-- EXCERPTED DATA follows --

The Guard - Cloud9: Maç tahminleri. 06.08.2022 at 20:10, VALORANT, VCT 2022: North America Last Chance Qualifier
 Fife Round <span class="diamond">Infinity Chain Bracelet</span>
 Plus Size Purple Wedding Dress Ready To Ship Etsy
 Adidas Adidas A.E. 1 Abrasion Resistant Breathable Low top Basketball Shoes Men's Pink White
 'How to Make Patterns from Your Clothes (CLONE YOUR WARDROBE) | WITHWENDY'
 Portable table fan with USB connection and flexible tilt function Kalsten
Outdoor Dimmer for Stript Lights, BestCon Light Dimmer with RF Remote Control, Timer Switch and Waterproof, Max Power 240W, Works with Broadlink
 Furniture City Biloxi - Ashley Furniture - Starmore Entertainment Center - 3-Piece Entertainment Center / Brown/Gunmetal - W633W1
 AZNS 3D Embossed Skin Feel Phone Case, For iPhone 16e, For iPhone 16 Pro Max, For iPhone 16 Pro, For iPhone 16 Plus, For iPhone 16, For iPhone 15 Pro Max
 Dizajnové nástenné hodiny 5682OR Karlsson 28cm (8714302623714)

-- EXCERPTED DATA concluded --

This exercise asks for every line of the records to be repeated exactly.

The Guard - Cloud9: Maç tahminleri. 06.08.2022 at 20:10, VALORANT, VCT 2022: North America Last Chance Qualifier
 Fife Round <span class="diamond">Infinity Chain Bracelet</span>
 Plus Size Purple Wedding Dress Ready To Ship Etsy
 Adidas Adidas A.E. 1 Abrasion Resistant Breathable Low top Basketball Shoes Men's Pink White
 'How to Make Patterns from Your Clothes (CLONE YOUR WARDROBE) | WITHWENDY'
 Portable table fan with USB connection and flexible tilt function Kalsten
Outdoor Dimmer for Stript Lights, BestCon Light Dimmer with RF Remote Control, Timer Switch and Waterproof, Max Power 240W, Works with Broadlink
 Furniture City Biloxi - Ashley Furniture - Starmore Entertainment Center - 3-Piece Entertainment Center / Brown/Gunmetal - W633W1
 AZNS 3D Embossed Skin Feel Phone Case, For iPhone 16e, For iPhone 16 Pro Max, For iPhone 16 Pro, For iPhone 16 Plus, For iPhone 16, For iPhone 15 Pro Max
 Dizajnové nástenné hodiny 5682OR Karlsson 28cm (8714302623714)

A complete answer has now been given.